Quant au “London”, il est incarné par l’inévitable Damon Albarn (qui semble avoir participé à la plupart des sorties discographiques de ce premier semestre 2023). Sur Nsera, un riff de claviers paraissant tout droit sorti de l’ordi personnel de James Murphy (LCD Soundsystem) permet d’entremêler les voix de Fatoumata et de Damon, trois ans après le Désolé de Gorillaz pour un rendu saisissant.
L’outre-Atlantique y est représenté par le timbre voilé d’Angie Stone (sur Somaw), par le Brooklyn Youth Chorus qui illumine Sete et Moussoya ; enfin, par le pianiste cubain Roberto Fonseca sur un Blues endiablé. On y croise aussi un Français d’origine libanaise qui pose sa voix et sa guitare sur Massa Den, transe bien tenue par un Matthieu Chedid sobre. Bien entendu, l’Afrique est aussi invitée à la table des réjouissances avec M.anifest, rappeur et producteur guinéen qui vient contribuer avec humilité à Mogokan, et avec l’autrice-compositrice nigériane Yemi Alade qu’il est fortement recommandé de découvrir par ailleurs.
Passée cette litanie de guests qui, toutes et tous, participent à la qualité et à la grandeur de London KO, il n’est pas inutile de rappeler que sa cheffe d’orchestre s’en sort très bien toute seule sur l’accalmie Seguen, le paisible Netara ou le finale Maya.
London Ko (3ème Bureau/ Wagram Music)
Mandy, Indiana I’ve Seen a Way
Commençons par les présentations : à l’origine Mandy s’appelait Gary, ville de l’Indiana qui a vu naître les cinq frères Jackson. Pourtant Mandy, Indiana n’a rien à voir avec Mandy, ni avec l’Indiana ou les Jackson 5, puisqu’il s’agit d’un quatuor de Manchester. Depuis Nike of Samothrace (2020), leur intrigant premier single, on a gardé un œil et les deux oreilles sur la troupe de Valentine Caulfield, native de Paris et qui apporte sa French touch à l’ensemble.

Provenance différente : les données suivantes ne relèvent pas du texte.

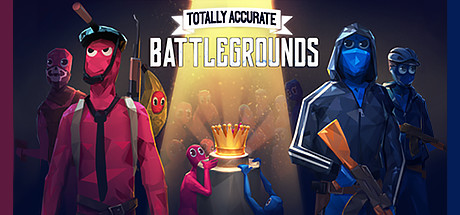 Totally Accurate Battlegrounds ÜCRETSİZ (Steam)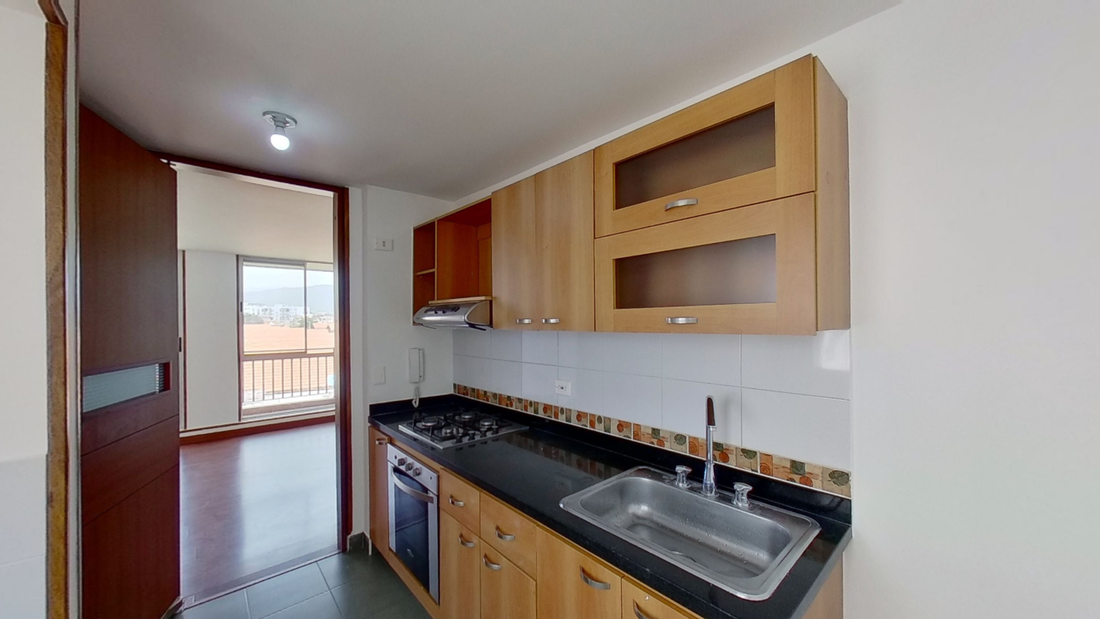 Apartamento en Venta en el Conjunto Las Huertas de Cajica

Après une série de singles confirmant que Mandy, Indiana méritait amplement notre attention, voici donc I’ve Seen a Way, premier album qui pousse à bout les limites de l’electropunk dès le deuxième morceau, Drag [Crashed] après un trompeur Love Theme (4K VHS) flottant comme du Jean-Michel Jarre. La suite n’est que déflagrations dans une autre dimension où se télescopent le talk-over de Caulfield, les rythmes entêtés d’Alex MacDougall (sans doute l’un des meilleurs batteurs du moment), les synthés fous de Simon Catling et le travail en profondeur du guitariste-producteur Scott Fair.
Quelque chose de tribal et d’émeutier se joue ici avec néanmoins une sophistication sous-jacente où point sous l’immédiateté une érudition passée à la moulinette de la rage contrôlée. I’ve Seen a Way ouvre ainsi une voie royale vers la victoire (de Samothrace ?) ou, pourquoi pas un jour, jusqu’à Gary, Indiana. En attendant, autant rester à Manchester et écouter en boucle ce premier album galvanisant.